Installation Guide for Autonomous Job Recovery#
Introduction#
This guide provides installation instructions for the Autonomous Job Recovery (AJR). AJR is included in the NVIDIA Mission Control “On-Prem” software bundle for DGX SuperPod B200 and DGX SuperPod GB200. AJR is a suite of microservices deployed in a Kubernetes (k8s) cluster, designed to improve AI cluster efficiency by integrating all components of the AI training lifecycle into a unified, automated flow that minimizes downtime. It offers core services tailored to automate both manual and automated recovery processes. AJR autonomously handles most failures in the AI workflow, initiating immediate recovery without input from model engineers. This capability increases automation-driven productivity and enables the scaling of successful AI training practices across current and future generations of AI supercomputers.
Prerequisites#
The following prerequisites for the Autonomous Job Recovery (AJR) are installed by NVIDIA Mission Control using the installation wizard. The following prerequisites are required:
BCM license that allows AJR installation
Kubernetes is deployed and configured with the cm-kubernetes-setup wizard. In addition to Kubernetes, the following configuration changes and additional packages must be applied:
Kyverno is disabled during Kubernetes installation
Prometheus Operator Stack is installed
Prometheus Adapter is installed
Grafana Loki is installed
Grafana Promtail is installed
Disable collection of /var/log logs
Kubernetes Metrics Server is installed
Kubernetes State Metrics is installed
Local Path storage class is enabled with the default NFS-based storage path
Ingress NGINX Controller is installed
Slurm is deployed with the cm-wlm-setup wizard
MySQL is installed on the head node
The NVCR (nvcr.io, NVIDIA container registry) token used to pull the images has been issued by the NVIDIA for all partners. Please reach out to Tim Zapetis (tzapetis@nvidia.com) or Digvijay Kulkarni (dkulkarni@nvidia.com) to request your token.

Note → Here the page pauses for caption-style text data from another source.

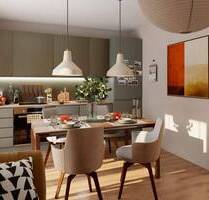 neue Wohnung mit Balkon zum See - Müllrose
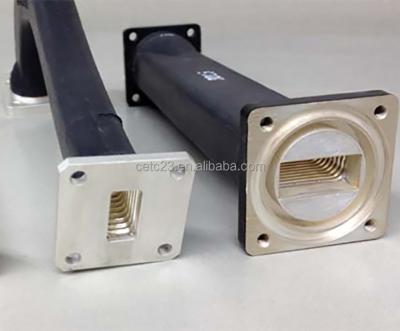 China L Band WR650 Standard Rectangular Seamless Flexible Waveguide WR650/WG6/R14/BJ14 for sale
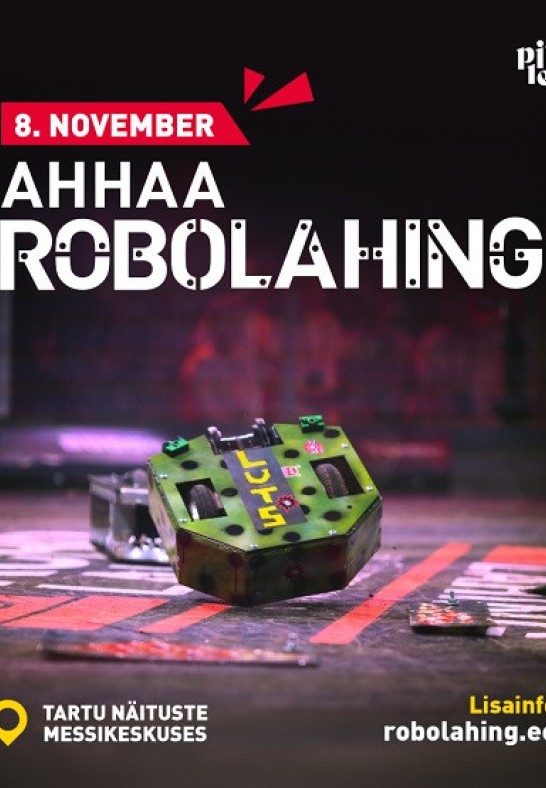 AHHAA Robolahing / Päevapilet I ja II voor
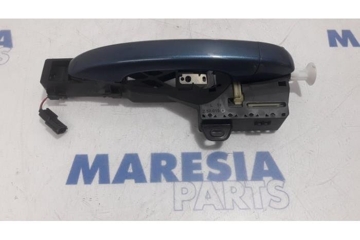 RENAULT Megane 4 generation (2016-2023) Rear Left Door Exterior Handle 806078862R,806078862 27339732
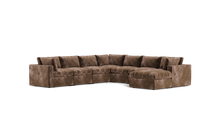 Load image into Gallery viewer, Ciello - Sectional - Espresso - Regular Backrest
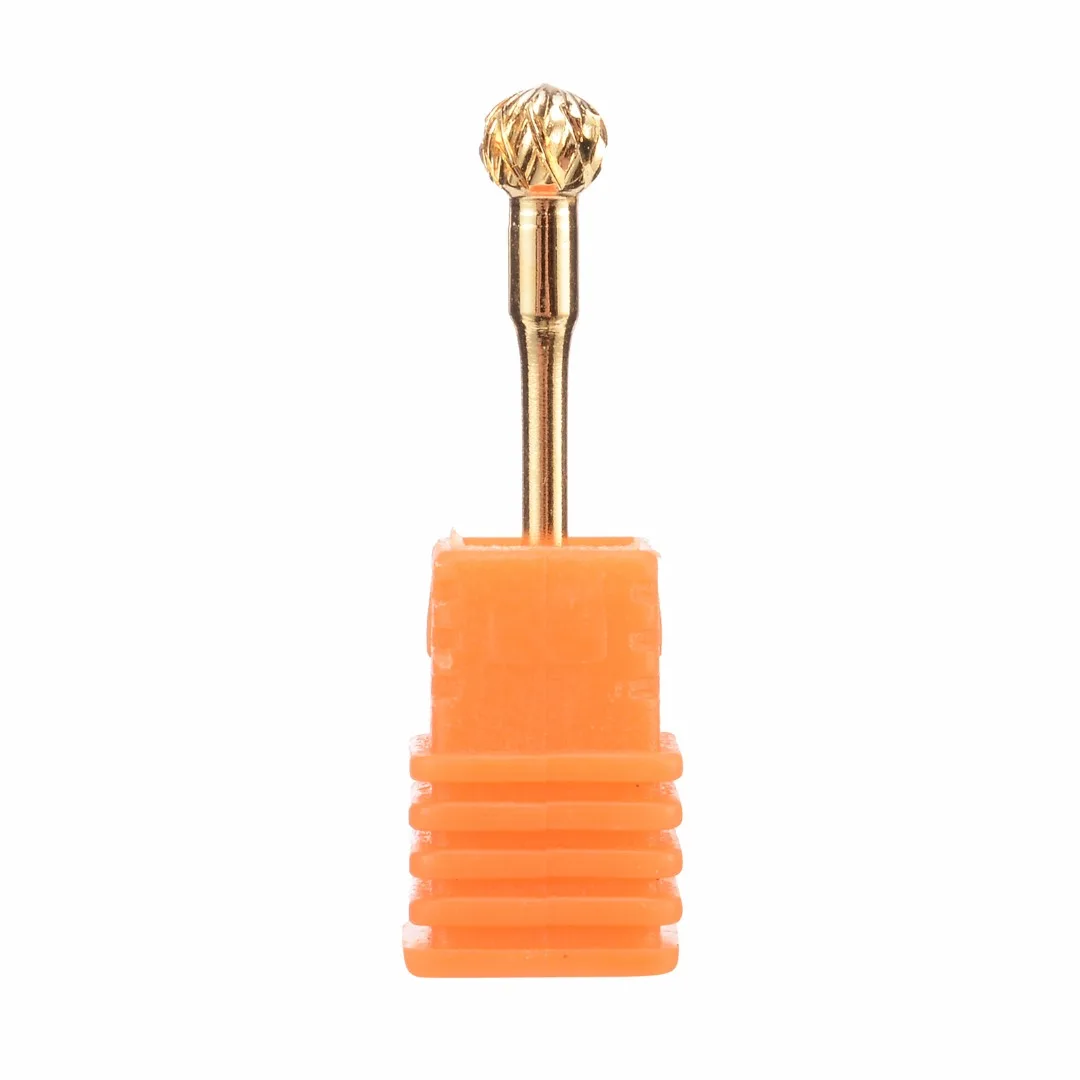 Mayitr 12 Types Nail Drill Carbide Bit High Quality Golden Electric Nail Drill File Carbide Bits Nail Art Manicure Pedicure Tool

An example configuration is shown. Some options or packages might look different.
All prerequisites must be installed before you begin the AJR installation.
Before the Autonomous Job Recovery installation#
The following additional steps are required before the AJR installation can begin:
Kubernetes namespace for the Heimdall must be created with a particular label.
- Create a file create-are-namespace.yaml on the active headnode
with the following content:
apiVersion: v1 kind: Namespace metadata: name: heimdall labels: zarf.dev/agent: ignore
Apply this file on the active headnode:
kubectl apply -f create-are-namespace.yaml namespace/heimdall created
Run this command to update the BCM installation wizard script so it allows longer API token to be entered during installation.
sed -i "s/data=token, buffer_length=128/data=token, buffer_length=512/g" /cm/local/apps/cm-setup/lib/python3.12/site-packages/cmsetup/plugins/autonomous_job_recovery/questions/autonomous_hardware_recovery.py
Autonomous Job Recovery Installation#
After all prerequisites are met, start the AJR installation with the cm-mission-control-setup wizard. Select Install NVIDIA Mission Control autonomous job recovery when the wizard starts. Some steps may vary depending on the installation wizard version.
AJR requires a MySQL database. By default, the database is installed on the head node. The installation wizard prompts for admin credentials to create the AJR MySQL database and user:
When prompted, provide credentials for the Helm chart repository. You must supply an NVIDIA Container Registry (NVCR) personal access token for the operator and container images.
Optionally, provide credentials for the Loki API.
Select the log collection application (currently, only Grafana Promtail is available).
If NVIDIA Mission control autonomous hardware recovery has been installed, the AJR installation wizard will prompt you to enable integration with it. This is optional but enhances capabilities of AJR.
In case if integration is desired, select yes and proceed to the configuration step:
Default values do not need to be changed. Please refer to the NVIDIA Mission Control autonomous hardware recovery documentation for the ways to obtain the API token. Proceed to the next step after the token isentered.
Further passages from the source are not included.